仮にこの部屋に、人間が入ってきたとしたら……そいつの行動、予想ついちゃうし。

部屋に宝箱が! → 開ける → バトル開始! ……たぶん、これで大体あってる。


それを考えると……別に誰にも来てもらわなくてもいいかもしれない。


幸い、と言っていいのか……どうやらこの体は、食事の必要がないようだ。

目覚めてからかなりの時間こうしているが、全く腹が減らない。


つか、顔というか体全体が口、といってもいいようなこの体……消化器官とかあるのかもわからん。仮に獲物が来たとして……食いついて、その後のみこんで、食ったものはどうなるんだろう? 消化するのか? 吐き出すのか? 単に消えるのか? うーん……わからん。


わからんし、わかりようもない。
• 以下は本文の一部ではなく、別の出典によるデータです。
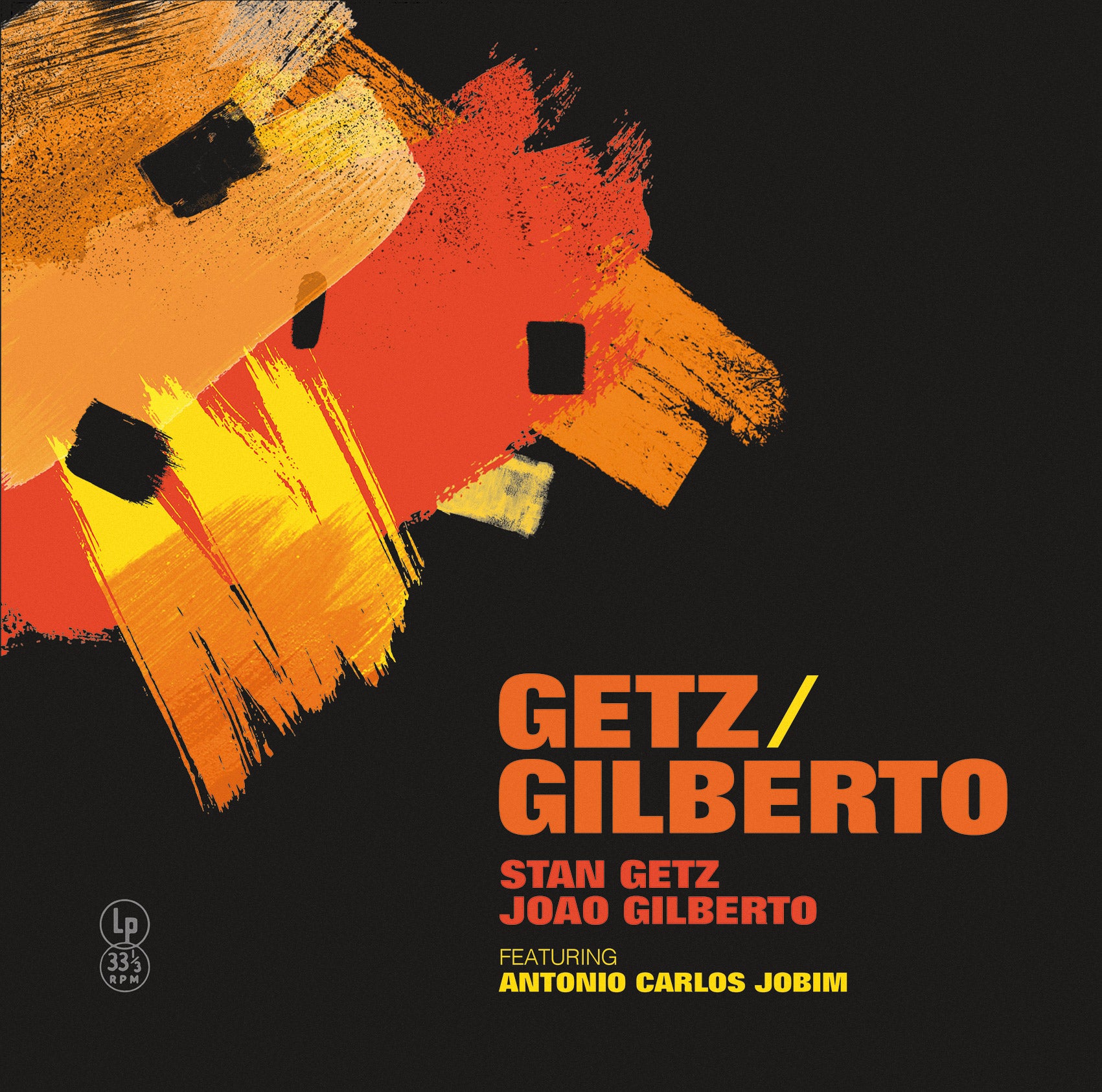 Stan Getz & João Gilberto - Getz/Gilberto (LP)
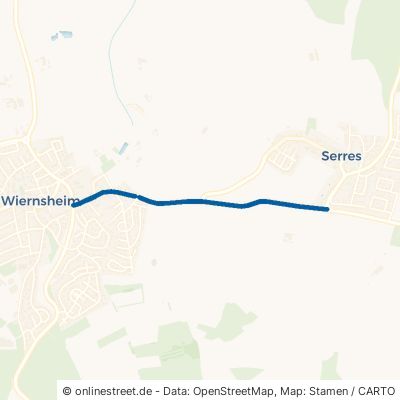 Iptinger Straße 75446 Wiernsheim 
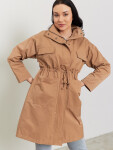 PERSO Coat BLE204000F Camel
何か試しに食ってみようにも、食えるものがない。

食料、っていう意味ではもちろん……単純に、口に入れられるようなものがない。


……まあ、わかんないんなら気にしても仕方ないか。


しかし、そうなるとホント、これからどうするか……。


人が来る・来ないにかかわらず、この部屋にい続けるってのもな……さすがに、何もすることがなくて暇だ。


今までは、突然の『転生』なんて事態にパニックになってたせいや、色々と考えることが多かったせいもあって、そういうのを感じずにやってこれたけど……ある程度思案を終えて落ち着いてきてしまうと、途端に襲ってくるのは……退屈だ。
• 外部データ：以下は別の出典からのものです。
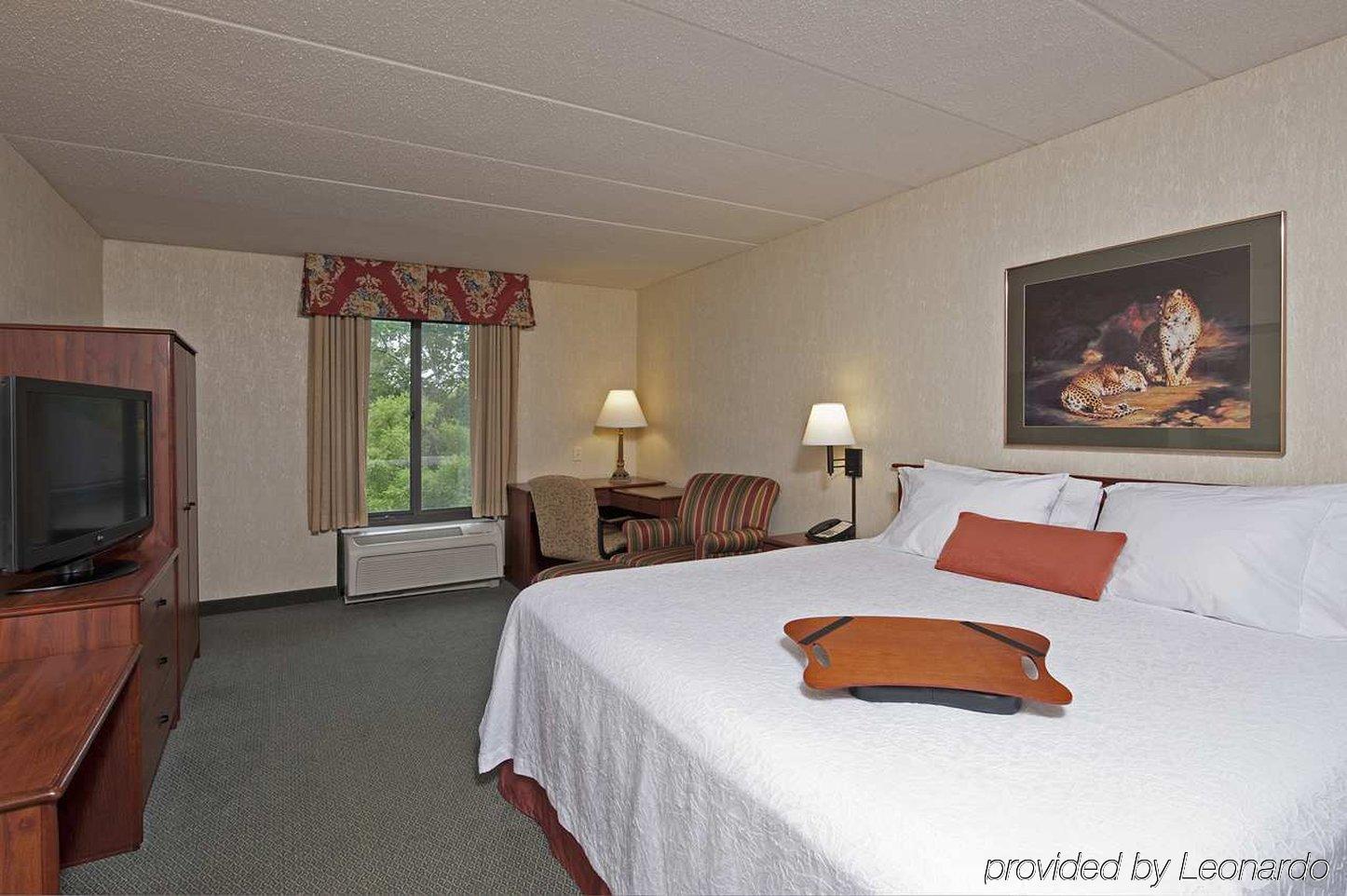 Hampton Inn & Suites Kokomo Kamer foto
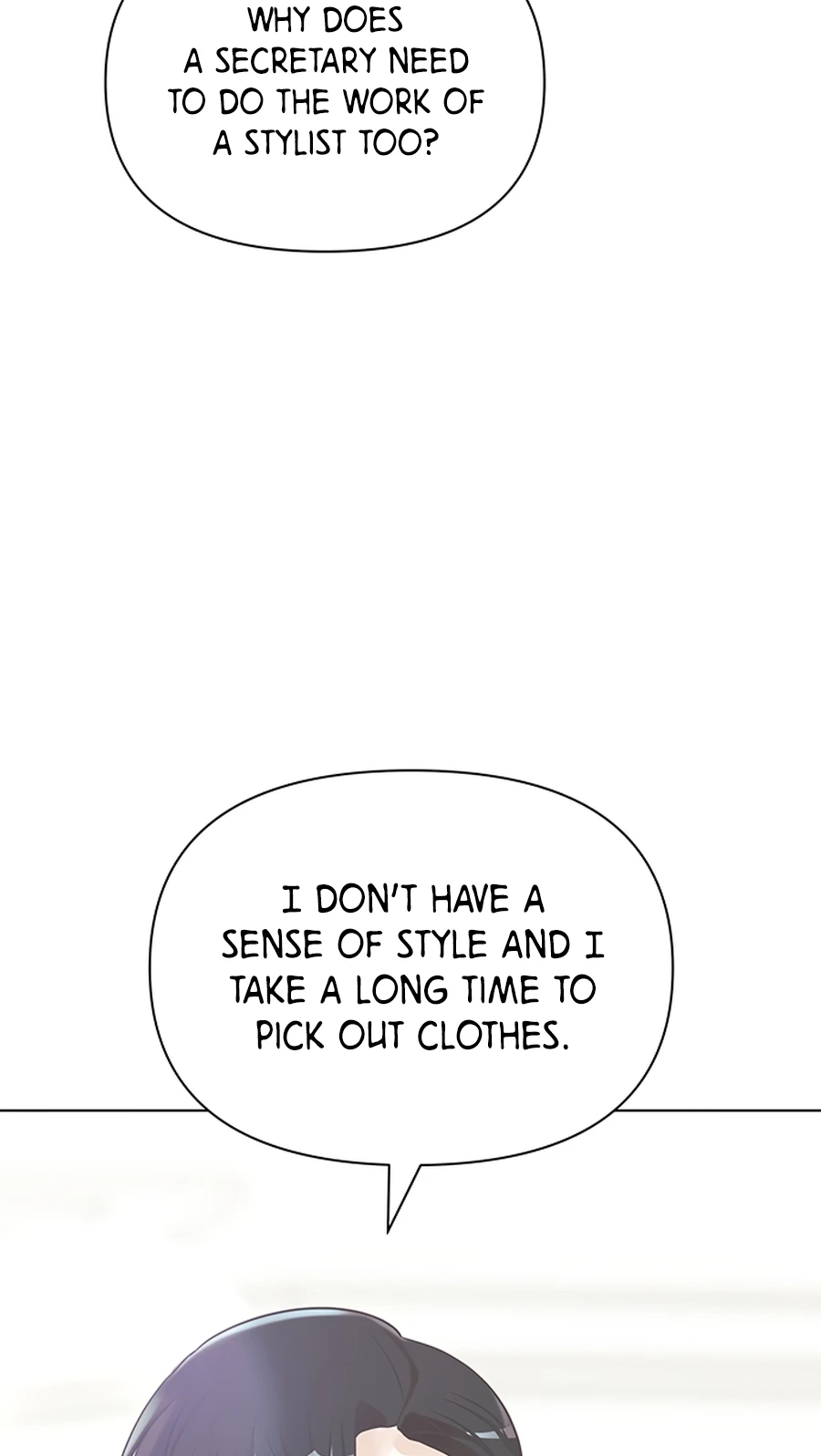 Read Covert Work From Home chapter 3 image 57 on Lezhin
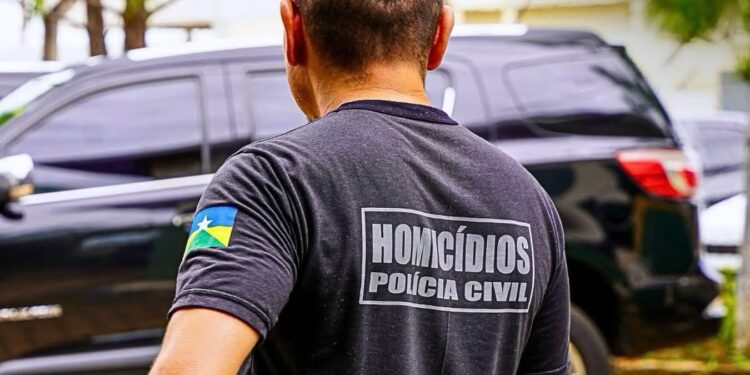Polícia Civil prende homicida “vulgo sombra” no Residencial Orgulho do Madeira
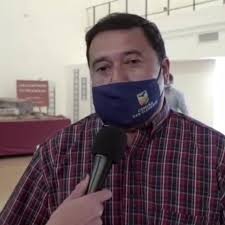 El jefe comunal de San Clemente...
何もない、薄暗い部屋で、ただひたすら動かずにじっとしている。


……きついもんがあるな。前世で半ばスマホ中毒だった僕には。


さっきは面倒って言ったけど……これなら、誰か訪ねてくるくらいはしてくれてもいいかもしんない。バトルは嫌だけど。


それか……僕がこの部屋から出られれば、それでもいいのかも知れないな。


今更ながら思い出したけど……こないだ、この部屋を蝙蝠が飛んでたっけ。

けど、今はもういなくなっている。

無論、僕が食い殺してしまったとか、そういうんじゃない。


と、いうことは……あの蝙蝠は、この部屋を出ていった、ということだ。何らかの手段で。

となれば……僕だって、この部屋から外に出ることはできるのかもしれない。よっぽど小さな、抜け道とか使ったような手段でなければ。


そして僕は……こんなナリだけど、動けないわけじゃない。

ふた(口)はもちろん開閉するし、舌も結構器用に動かせる。ドアノブ回すくらいはできそうだ。


加えて……足はおろか、筋肉なんてものすらないのに、まるでばねでも仕込まれているかのように、ピョンピョンと床をはねたり、ガタガタ、ズルズルひきずるように移動できる。

床に箱の底面がぶつかって音を立ててるわけだから、うるさいけど。


もしこの先……退屈が限界に達して耐えがたいほどの境地に至ったり、あるいは他の理由でこの部屋にいたくなくなるようなことがあれば……その時は、外に出る、っていう選択をしてみてもいいかもね。


ま、出方わかんないし……今んとこは、とりあえず部屋の中でゆっくりしとくかな。